So the child experiences everything with the whole of himself and innocently takes everything at face value. The child's collision with restrictive reality arrives with such crushing force that, from then on, everything we think and do is conditioned by this compromise. It defines the limits of our willingness to engage reality and thus the limits concerning how much of our potential can be readily realized. So the "scientist to be" is, at the age of four, already compromised as to access to his inner potential.

Very few people think of fairy tales as dissident material but, when you think about it, that is just what it amounts to. Yet people don't ask themselves why little children are so protected from the "facts" of life if later they're to be told that life is not a bowl of cherries, and "life is hard and then you die" and things of that nature. Obviously, we don't tell children fairy tales to hurt them even though these stories don't seem to conform to reality. Clearly, as children, we have a deep-seated need to believe that life is good. In fact, I am convinced that, without it, we would be deprived of the basic faith we need to function in life and be irreparably injured psychologically. Yet as soon as we can "safely" be told the facts of life society does so.

This is society's most reliable, built-in protection from non-conformist and utopian impulses. But the price it pays for stability gained in this way is enormous in terms of sacrificing the creative efficiency of its scientists to be. Conformist impulses and routines simply do not favor scientific breakthroughs.

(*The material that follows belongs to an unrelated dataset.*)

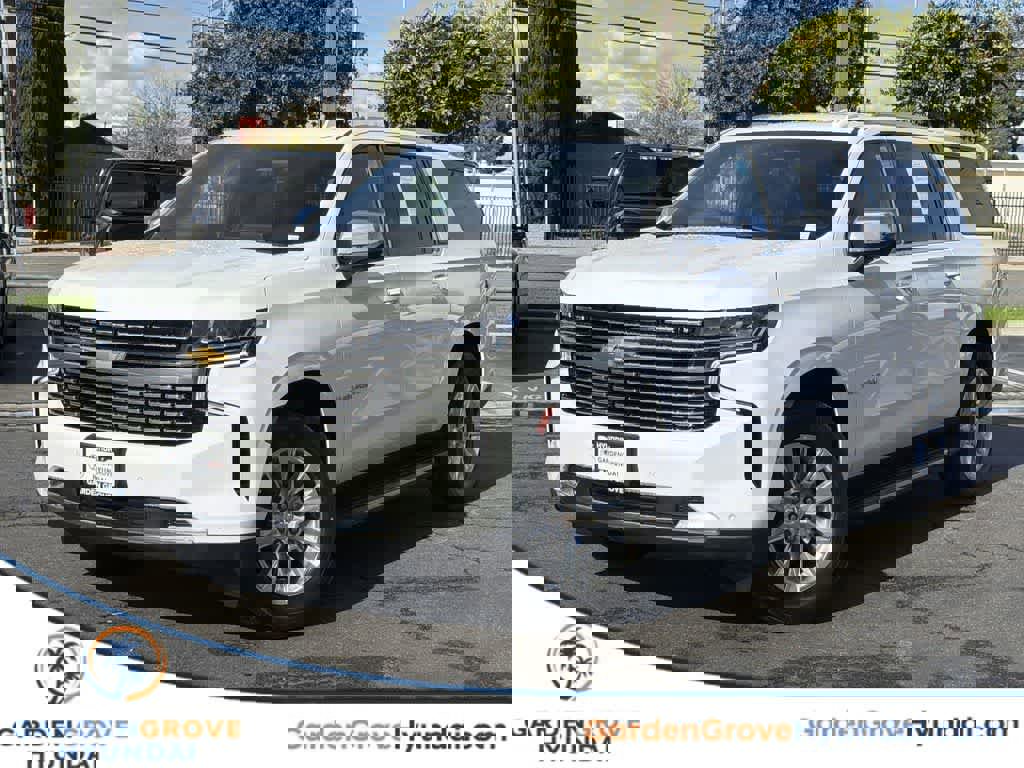 Used 2023 Chevrolet Suburban Premier image 1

The spirits of only a tiny remnant of children survive intact after this uncompromisingly brutal assault upon their most fundamental beliefs. In most of us, the resulting disillusionment amounts to the almost total destruction of our world view. Only an exceptional few, miraculously find the inner resources to resist parental authority and cling to their former, utopian ideal. They now belong to a separate reality, out of step with the rest of the world and, of course, other children. In a sense, from the perspective of society, it's a little like retreating into autism. You could say that they take an autistic step backing away from conventional "truth" since they will reject many of the fundamental standards by which society operates or, what you could call, the prevailing paradigm. These people, throughout their lives will, for the most part, prove constitutionally unable to compromise themselves and play the games usually required for professional success.

But only in the rarest of cases does the small child manage to resist the steam-roller of convention and refuse to allow his spirit to be compromised by believing in the preeminence of limitation. But only among these will we be able to find the scientists who will be able to use any significant part of their creative potential and make science the efficient enterprise it should be.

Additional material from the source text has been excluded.